Unknown and unrecognised, she drove in the open cab, with the tiny, wondering Princess at her side, through the great crowds of holiday-makers—those people who had they known of her unhappiness would in all probability have risen in a body and revolted.
She remembered that she had been “their Claire,” yet after that night she would be theirs no longer. It was a sad and silent leave-taking. She had renounced her crown and imperial privileges for ever.
Many men and women stared at her as she passed under the bright electric street lamps, and once or twice she half feared that they might have penetrated her disguise. Yet no cheer was raised; none rushed forward to kiss her hand.
She gave the cabman orders to drive up and down several of the principal thoroughfares, for there was still plenty of time for the train; and, reluctant to take leave of the people of Treysa whom she loved so well, and who were her only friends, she gazed upon them from behind her veil and sighed.

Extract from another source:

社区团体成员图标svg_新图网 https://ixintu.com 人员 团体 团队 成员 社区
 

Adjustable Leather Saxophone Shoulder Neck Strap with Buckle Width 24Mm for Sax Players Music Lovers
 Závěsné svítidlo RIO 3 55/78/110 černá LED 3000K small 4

At the busy, echoing station she arrived ten minutes before the express was due, and took her tickets; but when she went to the wagon-lit office, the official, not recognising her, sharply replied that the places had all been taken by an American tourist party. Therefore she was compelled to enter an ordinary first-class compartment. The train was crowded, and all the corner seats were taken. Fearing to call a porter to her assistance lest she should be recognised—when the royal saloon would at once be attached to the train for her—she was compelled to elbow her way through the crowd and take an uncomfortable seat in the centre of a compartment, where all through the night she tried to sleep, but in vain.
Little Ignatia soon closed her eyes and was asleep, but Claire, full of regrets at being compelled to renounce husband, crown, everything, as she had done, and in wonder of what the future had in store for her, sat silent, nursing her child through the long night hours. Her fellow-travellers, two fat Germans of Jewish cast, and three women, slept heavily, the men snoring.
The grey dawn showed at last over the low green hills. Had her absence been discovered? Most certainly it had, but they had now passed the confines of the kingdom, and she was certain that the people at the palace would not telegraph news of her disappearance for fear of creating undue scandal.
At last she had frustrated their dastardly plot to incarcerate her in an asylum. She sat there, a figure of sweet loveliness combined with exceeding delicacy and even fragility—one of the most refined elegance and the most exquisite modesty.
At a small wayside station where they stopped about seven o’clock she bought a glass of coffee, and then they continued until the Austrian frontier at Voitersreuth was reached; and at Eger, a few miles farther on, she was compelled to descend and change carriages, for only the wagon-lit went through to the capital.
It was then eleven o’clock in the morning, and feeling hungry, she took little Ignatia into the buffet and had some luncheon, the child delighted at the novel experience of travelling.
“We are going to see grandfather,” her mother told her. “You went to see him when you were such a wee, wee thing, so you don’t remember him.”
“No,” declared the child with wide-open, wondering eyes; “I don’t remember. Will Allen be there?”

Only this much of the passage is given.